3 Experiments and Discussion

3.1 Dataset Presentation

The number of scientific papers dealing with the automatic analysis of micro-expressions is rather limited. One of the reasons for it can be attributed to the lack of datasets containing real micro-expressions. Fortunately, this is beginning to change and recently a new dataset for facilitating the study on spontaneous micro-expressions spotting and recognition has been made public. This dataset, named \(\ CAS(ME)^2\) [16], is the first dataset that can be used for the study of facial micro-expressions, and offers at the same time the possibility to estimate, by video analysis, physiological parameters such as PRV. Indeed, the videos are sufficiently long and with no inter-frame compression, allowing to use RPPG techniques.

22 participants in total were filmed while watching 3 different kinds of excitation videos (disgust, anger and happiness). Each candidate was asked not to show his emotions. This was done to minimize the number of easily noticeable macro-expressions and to maximize the number of micro-expressions they would show. The dataset was originally proposed for automatic M/M-FE spotting and recognition, and while micro-expressions spotting has been getting good results [23], their recognition still presents many challenges.
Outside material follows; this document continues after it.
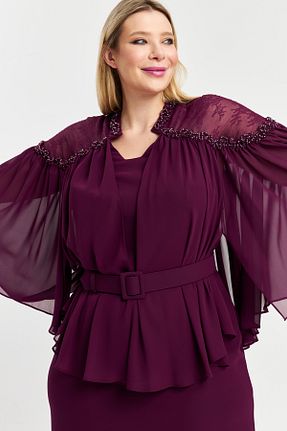 لباس مجلسی سایز بزرگ زرشکی زنانه یقه هفت İnce - کد 883231150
\(\ CAS(ME)^2\) offers 2 kinds of annotations for M/M-FEs. The first one is done according to the facial muscle movements based on the Action Units (AU) following the Facial Action Coding System (FACS) proposed by Ekman. The second annotations are based on the self-reported emotions from the candidates. These two annotations are not in agreement for all the videos. Furthermore, in some cases, the emotional type of the elicitation video and the annotations based on AU are sometimes contradictory (some subject would show a negative facial expression in front of a happiness-inducing video). 24.05% of the facial expressions are classified as others (i.e. where related AU are not discriminative). Some subjects would also show contradictory facial expressions on the same video. These observations encouraged us to propose for the first time the use of the emotional type of elicitation videos, also called excitation videos, of \(\ CAS(ME)^2\) as our ground truth. We work under the assumption that the emotional state of the person watching a video would be equivalent to the emotion that video was made to induce. Our motivation behind this decision is to use a labeling that would be more straightforward and less inclined to cause confusion.
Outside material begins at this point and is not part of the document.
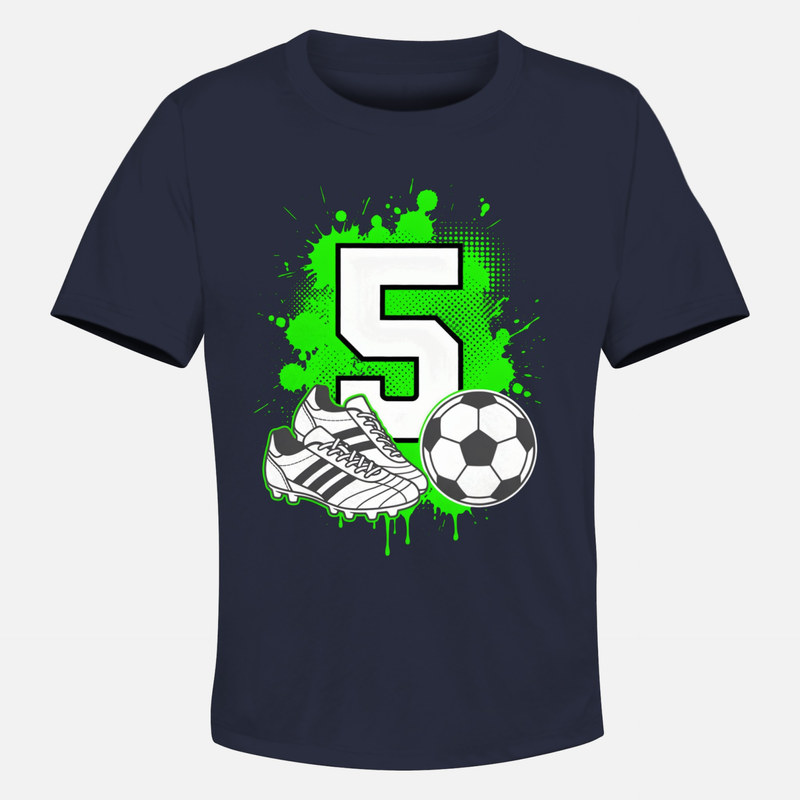 T-shirts: Fu&szlig;ball Nummer 5 mit Schuhen und Ball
In total, the number of available videos is 62, with 14 videos provoking happiness, 24 for disgust and 24 for anger. The video length ranged from 1 min (1800 frames) to approximately 2 min and 30 s (4500 frames).

3.2 Model Validation Protocol

The modalities we concentrate on were tested on the same videos following the Leave One Subject Out (LOSO) cross-validation protocol: one subject’s data is used as a test set in each fold of the cross-validation. This is done to better reproduce actual use conditions where the encountered subjects are alien to the model when it was trained. Older studies would use k-fold cross-validation; however, this would result in a severe case of overfitting as the accuracies on the test sets would be much higher than with LOSO. This can be attributed to the fact that samples from the same subject would be present in both the training and testing sets. Considering the fact that the same subject can show the exact same expression many times (which may cause occurrences of the same expression from that subject to belong to the training and the test sets at the same time), and that some subjects can be more inclined to show a specific type of emotion more often, using the LOSO protocol seems to be the most rigorous option.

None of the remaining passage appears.